First, the statistical mean of each frequency and each magnitude must be found. This is best found by testing a minimum of three, and preferably 10, systems. For each FRF, the frequencies and amplitudes of each critical resonance are recorded and stored in a lookup table within the servo drive’s random-access memory (RAM).
An error band is needed around each value, something like +/-5% on frequency and +/-10% on amplitude (Figure 8).
The trick to the algorithms will be searching out the peak and tagging the maximum value.
For the amplitude of the resonance, converting the peak using the -3 dB width mentioned previously should be considered as it gives a numerical assignment of damping versus just an amplitude value.
APS data is different than FRF data, in that we are looking for anything out of the ordinary, while also looking for what we expect to see. Accelerometer data is often converted to position, integrated two times. This creates a left-to-right downward slope to the data. The pass-fail criteria is now frequency-dependent and probably different band-to-band throughout the entire range.
Benefits
Although embedding sensors to enable real-time digital fingerprinting of subsystems comes at cost, that cost is quickly recovered in one single prevented failure or one instance of fast-tracking a root cause analysis. The value of having sensors reporting status automatically on set time intervals or at the touch of a button, saves time and resources and enhances team and machine productivity for factory or plant customers.
The ability to remotely access and diagnose machine health benefits the end user in the maintenance scheduling and uptime metrics, and it benefits the machine builder in the value and capability the band creates.

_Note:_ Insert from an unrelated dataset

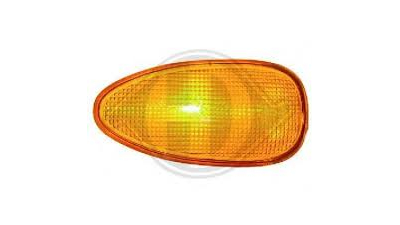 Lampa semnalizare aripa Fiat Bravo Brava (182) 06.1995-10.2001 OEM/OES partea Dreapta/ Stanga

Having the foresight to embed diagnostic capabilities into complex machines involving moving parts that are subject to changes in temperature, wear and environment is an approach that elevates machine-building. Embedded sensors not only help in maintenance and fast-tracking root cause analysis, but they also provide the builder with real-life data of how bearings, motors, gears, belts and pneumatics perform over time.
Knowing the limits of motion components such as motors, bearings, gears, belts, rollers and tensioners, for example, enables the builder to make better choices in design and in accessing the required maintenance for the end user. If the machine builder has data supporting longer service intervals versus a competitor, its factory or plant end user’s uptime will be longer, thus enhancing the machine’s value as a whole.
Conclusion
Industry 4.0 has been discussed for many years, and, in some manufacturing spaces, it is being fully realized. In many others, however, the technology available has yet to be fully realized for many reasons.
With advent of easily accessible and enormously powerful servo-drive capability and algorithm solutions being available across many coding platforms, there is little to no headwind in embracing the introduction of a higher level of subsystem level diagnostics.
The frequency response function and the auto spectrum have been the workhorse tools for vibration analysis for the past 40 years, since the digital FFT was implemented, and should now be a part of every servo drive in the market. Strategic placement of the right sensors within the subsystem and intelligent firmware changes that synchronize data collection with machine activity will create enormous value in predicting maintenance and increasing machine productivity.
With the right specifications and data collection methods, the real-time diagnostic/health-monitoring capability is practically limitless.